L'idéalisme n'est généralement pas associé au Prosecco, le mousseux le plus vendu au monde.
Mais Matteo Bisol, 35 ans, issu de la famille pionnière Bisol Prosecco, s'est démarqué avec sa propre gamme de vins artisanaux, de petite production, expliquant : "Je voulais faire quelque chose qui ait un sens. "
Quoi ? C'est-à-dire ? Prosecco ?
" J'aime cette région et je pense qu'elle a besoin de plus de courage dans le domaine de la production", déclare Bisol, qui a vécu toute sa vie dans le territoire de prédilection du Prosecco : les collines autour de Valdobbiadene, dans la région de Vénétie, au nord-est de l'Italie. "Ici, tout est très réussi. Tout le monde s'enrichit, mais je ne trouve pas facilement des vins qui me plaisent. "
Cela se comprend. Une grande partie du Prosecco - produit principalement à partir du cépage Glera - est un pétillant mince et anonyme qui provient d'une vaste région du nord-est de l'Italie.

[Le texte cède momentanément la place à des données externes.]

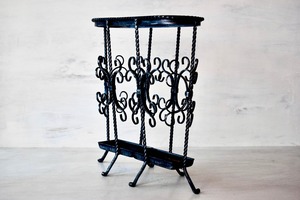 ที่เก็บร่มโลหะสีดำดีไซน์ทันสมัยสำหรับโรงแรม สำนักงาน ร้านกาแฟ และพื้นที่ค้าปลีก โซลูชั่นทางเข้าที่ใช้งานได้จริงและมีสไตล์ - Product Image 2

Le fait d'entendre cela de la bouche d'un Bisol ne fait que renforcer cette idée.
Mais il existe de délicieux Prosecco de caractère et de profondeur, y compris de fantastiques embouteillages d'un seul vignoble qui reflètent leurs terroirs. Certains de ces vins sont élaborés selon la méthode Charmat (ou Martinotti), dans laquelle le vin subit une fermentation secondaire dans des cuves en acier pressurisées, ou autoclaves, pour créer les bulles. D'autres sont élaborés selon la méthode classique - terme italien désignant la méthode utilisée en Champagne, dans laquelle le vin est refermenté en bouteille - ou selon le style traditionnel italien du col fondo, dans lequel les vins sont également fermentés en bouteille, mais dont les lies ne sont pas retirées (dégorgées) avant que le vin ne soit vendu.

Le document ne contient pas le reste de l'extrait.